Task requirements: Transcribe all of the entries below exactly. Leave out the pictures.

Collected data
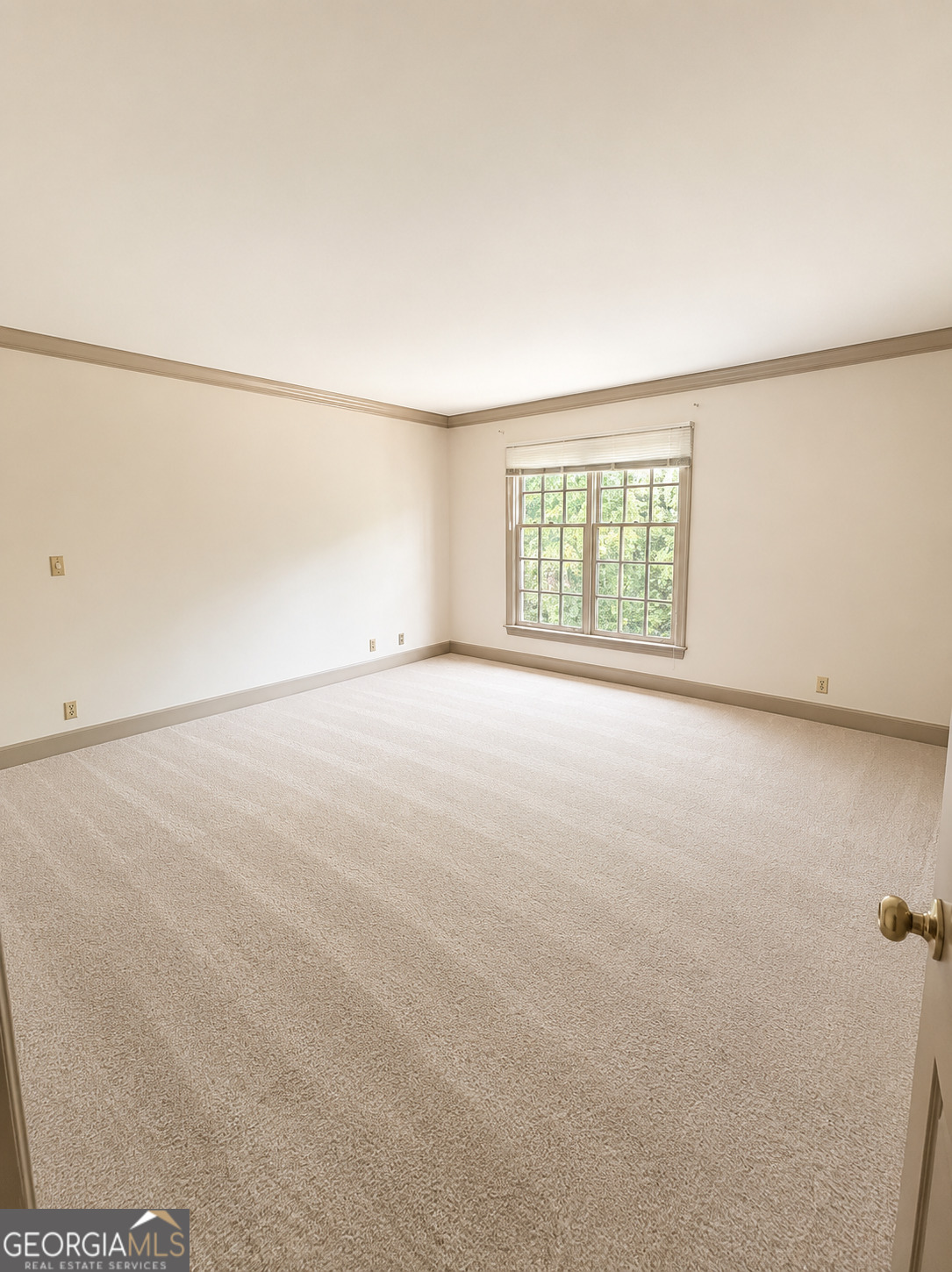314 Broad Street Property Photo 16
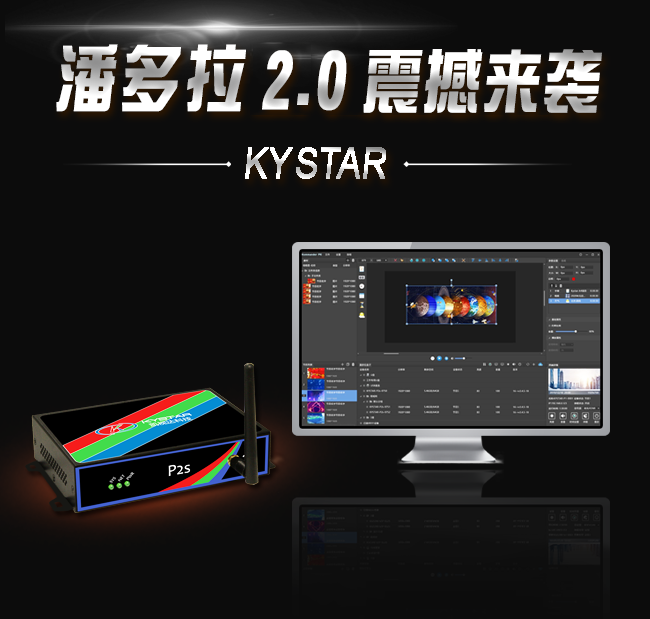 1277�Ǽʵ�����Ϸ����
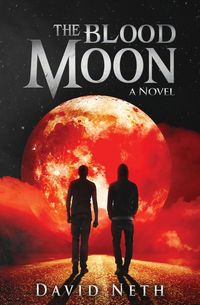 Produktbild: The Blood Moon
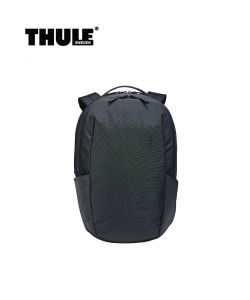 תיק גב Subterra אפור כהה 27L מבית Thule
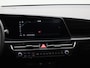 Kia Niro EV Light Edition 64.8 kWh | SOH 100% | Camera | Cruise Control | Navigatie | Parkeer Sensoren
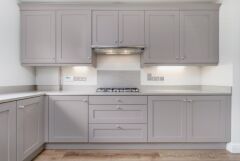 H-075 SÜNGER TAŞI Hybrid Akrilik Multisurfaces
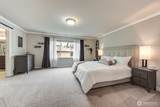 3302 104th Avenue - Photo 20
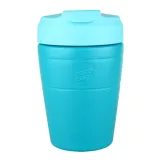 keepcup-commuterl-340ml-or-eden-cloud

Your response:
314 Broad Street Property Photo 16
 1277�Ǽʵ�����Ϸ����
 Produktbild: The Blood Moon
 תיק גב Subterra אפור כהה 27L מבית Thule
 Kia Niro EV Light Edition 64.8 kWh | SOH 100% | Camera | Cruise Control | Navigatie | Parkeer Sensoren
 H-075 SÜNGER TAŞI Hybrid Akrilik Multisurfaces
 3302 104th Avenue - Photo 20
 keepcup-commuterl-340ml-or-eden-cloud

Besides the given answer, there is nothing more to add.